Perched above the ground, treehouse visitors are given an elevated perspective of the world we inhabit everyday. The ‘Landscape Apertura’ treehouse, located in Powell Gardens near Kansas City, MO, was designed by Robert McLaughlin, to be a whimsical, yet purposeful structure, with an aim to direct one’s attention to the beautiful outdoors through framed views of nature, gazed upon via six strategically located, bold green window frames.

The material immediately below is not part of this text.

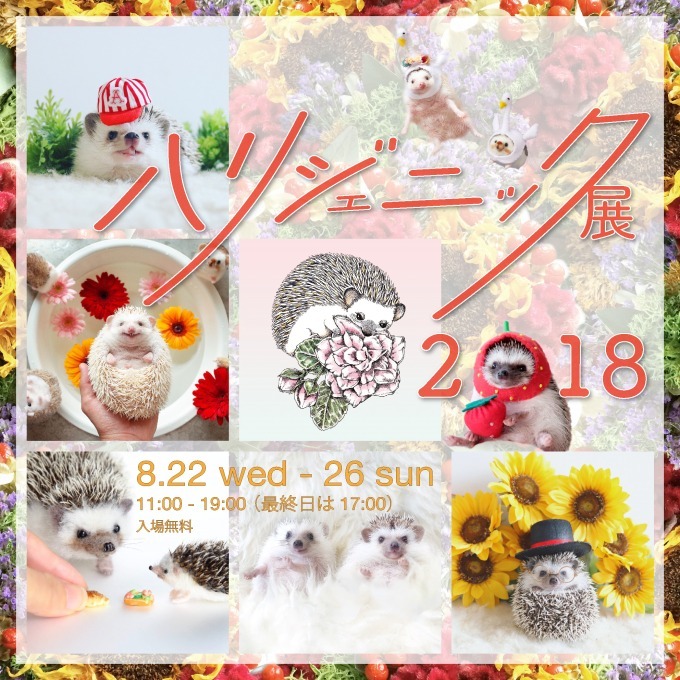 ハリネズミの写真展＆グッズ販売会「ハリジェニック展2018」が表参道で開催｜写真1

‘Landscape Apertura,’ was built in a Lincoln-log style to add to its inviting and playful nature — strengthening the notion that appreciating the natural world is as fun as it is enriching. With brightly-lined windows, or ‘apertures,’ of different sizes and shapes, McLaughlin’s structure provides six different, calculated outward views. McLaughlin hopes to prove that a framed and deliberate view may encourage people to appreciate their natural environment more so than that of an expansive, sometimes overwhelming view of the outdoors.

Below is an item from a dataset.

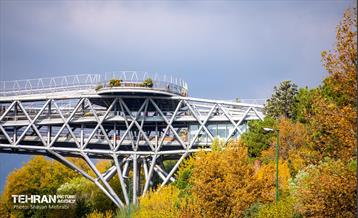 سمفونی رنگ های پاییزی / شایان محرابی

The materials used in the construction of Landscape Apertura are both local and recycled, as 90% of the wood was taken from surrounding deconstructed houses. The wood was sourced from Habitat for Humanity ReStore in Kansas City — which recycles the 2 x 4s from deconstructed homes in the surrounding area. Even the bright green windows are constructed from recycled floor boards.
McLaughlin’s thoughtful ‘Landscape Apertura’ is an imaginative piece that manages to be environmentally-sensitive in its construction and execution — in fact, we wish we could climb up and enjoy the views too!